Integrating Remote IDs With In-Person Employees
A remote Instructional Design (ID) team can benefit higher education institutions significantly. Remote ID teams can provide a high level of expertise and knowledge in the Instructional Design field and save the institution money by not having to pay for office space or benefits. Hiring remote Instructional Designers also provides more options, as you will no longer be limited to prospective employees in your region and will not have to pay the cost of relocation. However, some things must be considered when setting up a remote ID team, especially when collaborating with on-campus employees. This article will explore some strategies that can be used to ensure high levels of communication and productivity and avoid some of the pitfalls that can occur when working with a remote team.

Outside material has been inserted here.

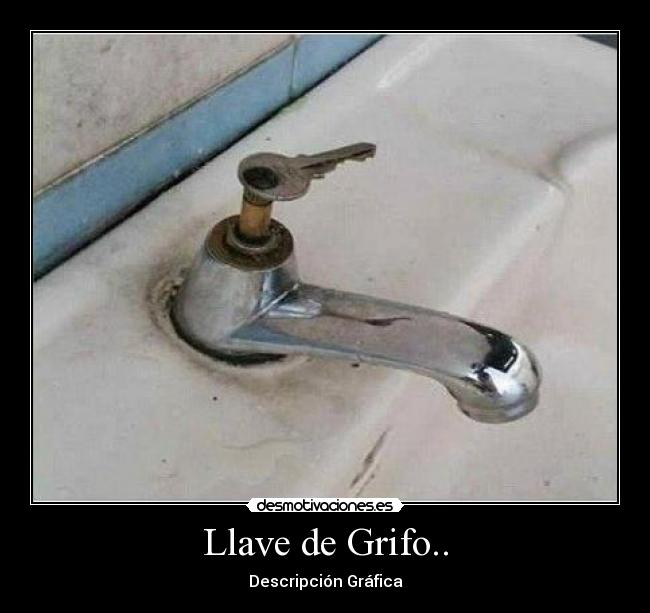 Llave de Grifo.. - Descripción Gráfica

Utilizing Leadership Support
First, you need leadership support for your team to work remotely. With that support, especially if the greater culture is in-person work, successfully collaborating as a remote employee with in-person employees may be more manageable. Only some staff may support a remote Instructional Design team, which is okay as long as they are not decision-making stakeholders regarding whether or not an ID team can work remotely. If a few select employees grumble about Instructional Designers working from home, but your team is meeting or exceeding goals, ignore that because your team’s performance will speak for itself. However, it would be best to try assimilating into the institution’s culture.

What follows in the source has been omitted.